Saturday, March 3, 2012

Not stupid: 640K ought to be enough for anybody

Supposedly, Bill Gates once said, "640K ought to be enough for anybody." Maybe he said it, maybe he didn't. Let's say he said it. Also ignore that the decision decision wasn't entirely his; IBM had their own requirements.

Anyway, he got ridiculed for it, but it was actually a pretty sane decision. The target microprocessor only supported 20-bit addresses, meaning it could deal with at most 1MB of RAM. The 640K of RAM was for OS and application stuff, leaving 384K for supporting services like video. You could argue that the line should have been drawn in a different place, but the implication of those mocking that quote is that he could have avoided drawing a line.

Okay, so it's 1981, and you're working on this operating system for the original IBM PC. You have an easy way to support 640K of RAM. Do you stick to that or go for the fancy way of doing things that allows you to use more? If you go the fancy route, you:

  1. Take more time to develop

  2. Introduce complexity

  3. Risk doing it wrong


The last part is the most important one. The machine supported 64KB RAM standard and 256KB if you maxed it out. Nobody had experience with a PC-like system that needed much more RAM than that. They could have guessed what future systems would need, and they'd probably be wrong. Not only would they be wrong, but they'd be wrong and boxed into a naive, ignorant implementation.

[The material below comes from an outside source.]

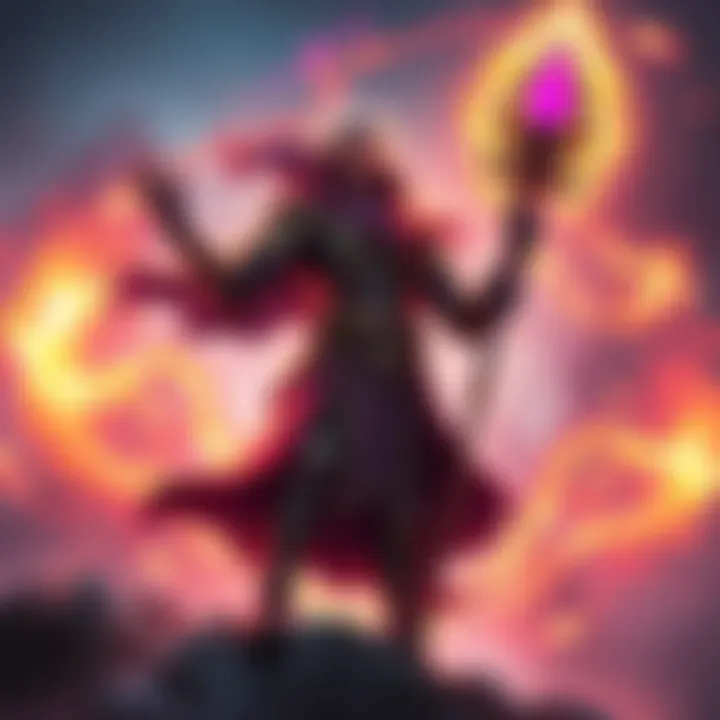 Rafaam stands confidently with a magical staff, surrounded by swirling timelines and energy, ready for battle in a vibrant world of conflict.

Better to kick that can down the road to a time when they needed to solve it. Waiting until then isn't (just) lazy, it's also a way to increase the chances of solving the problem right, because waiting until you need something generally means you end up with a pretty good idea of what you need.

"640K ought to be enough for anybody who's running DOS." If they get to a point where they need more than that, they're already so far beyond DOS's design that the 640K RAM limitation will be only one of multiple. Why eliminate just one of the blockers to that future user? It costs more now, costs more later, and doesn't even help. There's no such thing as infinite scalability, and building in hard limits to a system's capacity is the only sane way to build anything.

You have to draw a box around what you're trying to do. You've got to say, "I'm only going to solve this much." If you make the box a little too big, you probably won't solve anything well. If you make the box much too big, you won't solve anything at all. Solve the smaller problem well, and then come back later to make the box bigger.